On September 30 the California Senate enacted Senate Bill 206, which would effectively end amateurism for NCAA athletes and therefore is a game changer for the NCAA, which currently prohibits college athletes from receiving compensation. The California law does not require colleges to pay athletes a wage, but it allows athletes to procure business and sponsorship deals.

The following are key points of Senate Bill 206:

  • The law allows student athletes to obtain legal representation and to engage in contracts in order to profit from their names, likenesses, and media rights.
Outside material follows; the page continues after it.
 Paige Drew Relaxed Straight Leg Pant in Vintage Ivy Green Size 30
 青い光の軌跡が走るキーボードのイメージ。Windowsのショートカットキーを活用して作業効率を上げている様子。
For example, under the new law, athletes can be paid for sponsorship or for licensing their image to video games.
  • The law pertains to California only and does not require colleges outside of California to comply.
  • The law states that athletic scholarships are not considered compensation.
  • The law bans colleges from declaring athletes ineligible on the basis of an athlete receiving compensation for the use of his or her name, image, or likeness.
  • The law does not allow athletes to enter into arrangements that would violate the terms of any sponsorship or licensing deals that their college already has in place with other companies.
  • The law was passed unanimously by the California General Assembly on September 8 and enacted September 30.
  • The law will officially take effect on January 1, 2023, and will likely face numerous legal challenges by the NCAA prior to its institution. On the same day Senate Bill 206 was passed, the members of the NCAA board of governors argued in a letter to California Governor Gavin Newsom that the law was “unconstitutional” and would “remove the essential element of fairness and equal treatment that form the bedrock of college sports.”

California’s actions are already influencing other states that are in the process of making similar proposals. Similar legislation is being introduced in Colorado, Florida (HB251), Illinois (HB3904), Kentucky, Minnesota, Nevada, New York (Senate Bill S6722A), Pennsylvania, and South Carolina. Additionally, US Representative Anthony Gonzalez (R-OH) is planning to propose federal legislation that will allow all athletes across the country to earn money in endorsements.

What is next for Senate Bill 206 and the other similar legislation? The NCAA has indicated that it will vigorously oppose this legislation, and has already threatened to make all 58 of California’s NCAA schools ineligible to participate in NCAA competitions because they would allegedly have an unfair recruiting advantage. It is fairly safe to assume that the NCAA will bring forth legal challenges to Senate Bill 206 and any other similar legislation that passes in an effort to delay, or perhaps more narrowly define, how athletes can be paid and how much student athletes can earn for sports-related activities.